# Need proof by induction

• September 8th 2013, 01:41 PM
Brent1986
Need proof by induction
(original question) Prove that the Summation of j=0 to n of (-1/2)^j = (2n+1 + (-1)n) / (3*2n)

I have a question that includes the following
P(k) (-1/2)0 + (-1/2)1 + (-1/2)2 + ... + (-1/2)k = (2k+1 + (-1)k) / (3*2k)

So I have k+1 as

P(k+1) ((2K+1 + (-1)k) / (3*2k)) + (-1/2)k+1 = (2k+2 +(-1)k+1) / (3*2k+1)
• September 8th 2013, 01:58 PM
Plato
Re: Need proof by induction
Quote:

Originally Posted by Brent1986
(original question) Prove that the Summation of j=0 to n of (-1/2)^j = (2n+1 + (-1)n) / (3*2n)

I have a question that includes the following
P(k) (-1/2)0 + (-1/2)1 + (-1/2)2 + ... + (-1/2)k = (2k+1 + (-1)k) / (3*2k)

So I have k+1 as

P(k+1) ((2K+1 + (-1)k) / (3*2k)) + (-1/2)k+1 = (2k+2 +(-1)k+1) / (3*2k+1)

$\\\sum\limits_{j = 0}^{N + 1} {{{\left( {\frac{{ - 1}}{2}} \right)}^j}} = \\\sum\limits_{j = 0}^N {{{\left( {\frac{{ - 1}}{2}} \right)}^j}} + {\left( {\frac{{ - 1}}{2}} \right)^{N + 1}} =\\ \frac{{{2^{N + 1}} + {{( - 1)}^N}}}{{3 \cdot {2^N}}} + {\left( {\frac{{ - 1}}{2}} \right)^{N + 1}} =\\ \frac{{{2^{N + 2}} + 2{{( - 1)}^N} + {{3( - 1)}^{N+1}}}}{{3 \cdot {2^{N + 1}}}}\\=??$
• September 8th 2013, 02:40 PM
Brent1986
Re: Need proof by induction
Im sorry, im feeling kinda dumb can you tell me how I add the 2 equations you have on that 3rd line?
• September 8th 2013, 03:00 PM
Plato
Re: Need proof by induction
Quote:

Originally Posted by Brent1986
Im sorry, im feeling kinda dumb can you tell me how I add the 2 equations you have on that 3rd line?

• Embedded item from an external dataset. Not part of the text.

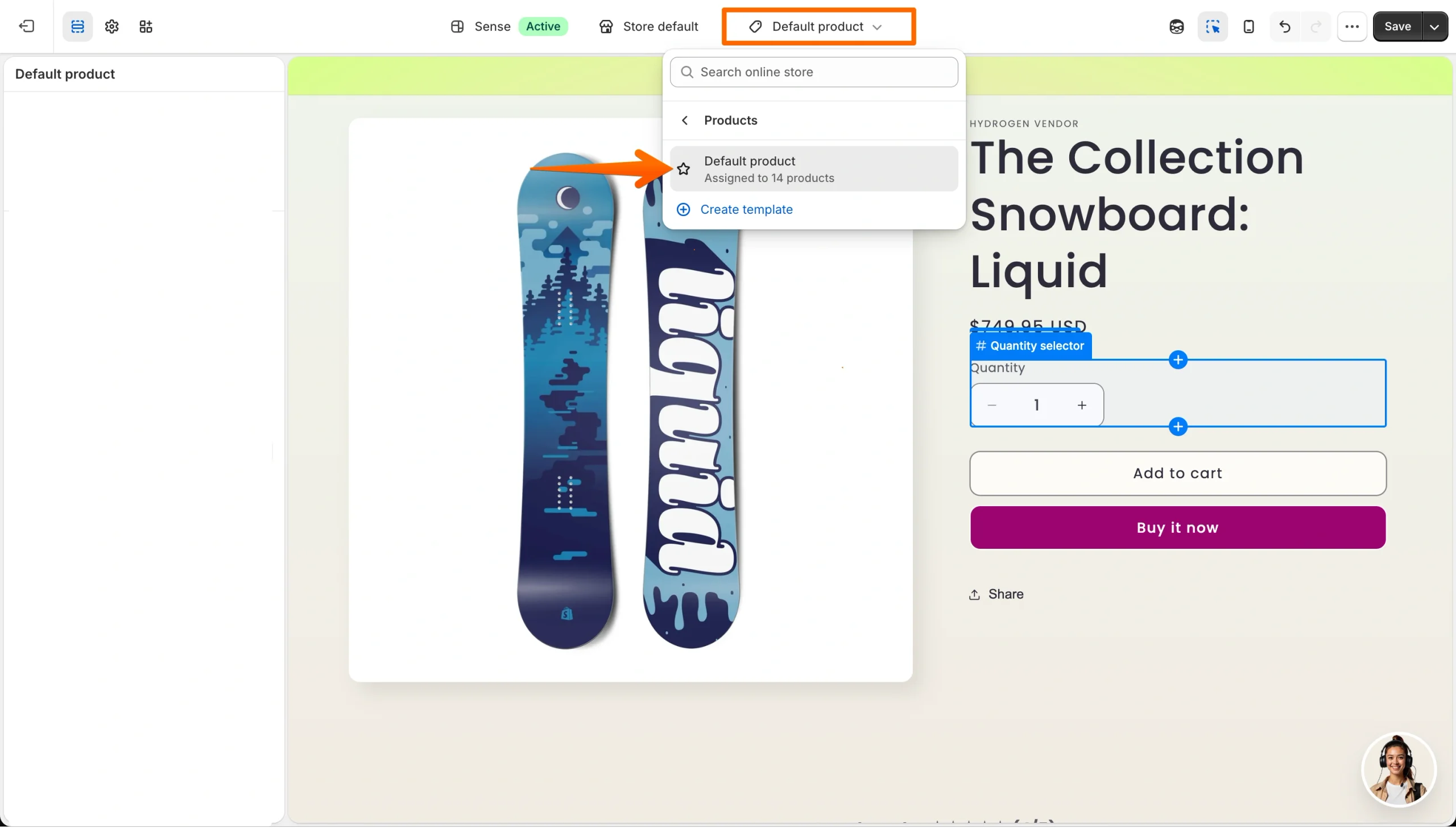Shopify theme editor template menu showing Products and Default product selected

Notice that $\frac{{{2^{N + 1}} + {{( - 1)}^N}}}{{3 \cdot {2^N}}} + {\left( {\frac{{ - 1}}{2}} \right)^{N + 1}} = \frac{{{2^{N + 1}} + {{( - 1)}^N}}}{{3 \cdot {2^N}}} + \frac{{{{( - 1)}^{N + 1}}}}{{{2^{N + 1}}}}$

So the $\text{LCD is }3\cdot 2^{N+1}$ thus $\frac{{{2^{N + 1}} + {{( - 1)}^N}}}{{3 \cdot {2^N}}} + \frac{{{{( - 1)}^{N + 1}}}}{{{2^{N + 1}}}} = \frac{{{2^{N + 2}} + 2{{( - 1)}^N} + 3{{( - 1)}^{N + 1}}}}{{3 \cdot {2^{N + 1}}}}$

Now notice that $2{( - 1)^N} + 3{( - 1)^{N + 1}} = {( - 1)^{N + 1}}\left[ { - 2 + 3} \right]$.

BTW: I do not usually just hand out solutions.
• September 8th 2013, 03:18 PM
Brent1986
Re: Need proof by induction
That last part looks similar to the distributive property but our 'a' isn't the same (N vs. N +1) and the b is inverted. Is there a name for that property? Or is it just something I should remember.

I really appreciate the help, not looking for solutions just understanding!
• September 8th 2013, 03:40 PM
Plato
Re: Need proof by induction
Quote:

Originally Posted by Brent1986
That last part looks similar to the distributive property but our 'a' isn't the same (N vs. N +1) and the b is inverted. Is there a name for that property? Or is it just something I should remember.

There are several ways to do this:
$2{( - 1)^N} + 3{( - 1)^{N + 1}} = {( - 1)^N}\left[ {2 - 3} \right] = {( - 1)^N}\left[ { - 1} \right] = {( - 1)^{N + 1}}$
• September 8th 2013, 03:51 PM
Brent1986
Re: Need proof by induction
Much thanks to you my friend! I spent a few hours today trying to wrap my brain around these questions. I feel like I have a much better understanding now! You've really helped me!